Re: How many partition can one single machine handle in Kafka?

2014-10-22 Thread Neha Narkhede
In my experience, RAID 10 doesn't really provide value in the presence of
replication. When a disk fails, the RAID resync process is so I/O intensive
that it renders the broker useless until it completes. When this happens,
you actually have to take the broker out of rotation and move the leaders
off of it to prevent it from serving requests in a degraded state. You
might as well shutdown the broker, delete the broker's data and let it
catch up from the leader.

On Wed, Oct 22, 2014 at 11:20 AM, Gwen Shapira gshap...@cloudera.com
wrote:

 Makes sense.

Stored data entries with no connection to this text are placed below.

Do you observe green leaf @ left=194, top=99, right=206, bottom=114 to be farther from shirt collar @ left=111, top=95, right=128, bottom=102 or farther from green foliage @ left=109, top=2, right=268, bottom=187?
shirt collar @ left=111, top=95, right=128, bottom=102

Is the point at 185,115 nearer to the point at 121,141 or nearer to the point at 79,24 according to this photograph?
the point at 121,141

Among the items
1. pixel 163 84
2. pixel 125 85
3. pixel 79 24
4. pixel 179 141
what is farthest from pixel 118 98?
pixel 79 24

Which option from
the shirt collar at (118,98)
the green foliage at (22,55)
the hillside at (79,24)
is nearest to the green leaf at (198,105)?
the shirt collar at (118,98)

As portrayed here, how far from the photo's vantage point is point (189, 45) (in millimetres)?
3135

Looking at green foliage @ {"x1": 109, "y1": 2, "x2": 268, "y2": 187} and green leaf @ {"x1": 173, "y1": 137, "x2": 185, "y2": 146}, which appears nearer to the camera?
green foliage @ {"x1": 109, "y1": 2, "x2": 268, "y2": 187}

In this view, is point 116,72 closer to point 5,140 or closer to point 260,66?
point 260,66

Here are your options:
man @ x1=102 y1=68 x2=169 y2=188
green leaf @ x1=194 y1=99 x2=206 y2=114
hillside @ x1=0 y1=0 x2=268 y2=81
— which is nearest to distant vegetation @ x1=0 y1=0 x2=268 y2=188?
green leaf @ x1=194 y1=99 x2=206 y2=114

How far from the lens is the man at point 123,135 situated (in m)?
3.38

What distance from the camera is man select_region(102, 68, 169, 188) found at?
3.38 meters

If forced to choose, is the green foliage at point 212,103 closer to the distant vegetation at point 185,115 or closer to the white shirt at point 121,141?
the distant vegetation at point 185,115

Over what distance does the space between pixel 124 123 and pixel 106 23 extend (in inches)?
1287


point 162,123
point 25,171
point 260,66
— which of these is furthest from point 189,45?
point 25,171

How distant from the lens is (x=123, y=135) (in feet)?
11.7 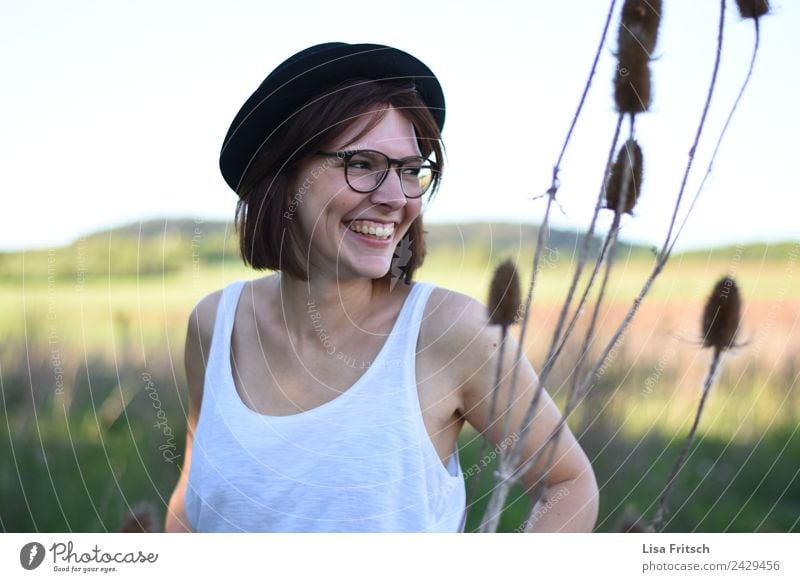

Thanks :)

 On Wed, Oct 22, 2014 at 11:10 AM, Jonathan Weeks
 jonathanbwe...@gmail.com wrote:
  There are various costs when a broker fails, including broker leader
 election for each partition, etc., as well as exposing possible issues for
 in-flight messages, and client rebalancing etc.
 
  So even though replication provides partition redundancy, RAID 10 on
 each broker is usually a good tradeoff to prevent the typical most common
 cause of broker server failure (e.g. disk failure) as well, and overall
 smoother operation.
 
  Best Regards,
 
  -Jonathan
 
 
  On Oct 22, 2014, at 11:01 AM, Gwen Shapira gshap...@cloudera.com
 wrote:
 
  RAID-10?
  Interesting choice for a system where the data is already replicated
  between nodes. Is it to avoid the cost of large replication over the
  network? how large are these disks?
 
  On Wed, Oct 22, 2014 at 10:00 AM, Todd Palino tpal...@gmail.com
 wrote:
  In fact there are many more than 4000 open files. Many of our brokers
 run
  with 28,000+ open files (regular file handles, not network
 connections). In
  our case, we're beefing up the disk performance as much as we can by
  running in a RAID-10 configuration with 14 disks.
 
  -Todd
 
  On Tue, Oct 21, 2014 at 7:58 PM, Xiaobin She xiaobin...@gmail.com
 wrote:
 
  Todd,
 
  Actually I'm wondering how kafka handle so much partition, with one
  partition there is at least one file on disk, and with 4000 partition,
  there will be at least 4000 files.
 
  When all these partitions have write request, how did Kafka make the
 write
  operation on the disk to be sequential (which is emphasized in the
 design
  document of Kafka) and make sure the disk access is effective?
 
  Thank you for your reply.
 
  xiaobinshe
 
 
 
  2014-10-22 5:10 GMT+08:00 Todd Palino tpal...@gmail.com:
 
  As far as the number of partitions a single broker can handle, we've
 set
  our cap at 4000 partitions (including replicas). Above that we've
 seen
  some
  performance and stability issues.
 
  -Todd
 
  On Tue, Oct 21, 2014 at 12:15 AM, Xiaobin She xiaobin...@gmail.com
  wrote:
 
  hello, everyone
 
  I'm new to kafka, I'm wondering what's the max num of partition can
 one
  siggle machine handle in Kafka?
 
  Is there an sugeest num?
 
  Thanks.
 
  xiaobinshe
 
 
 
 



Re: How many partition can one single machine handle in Kafka?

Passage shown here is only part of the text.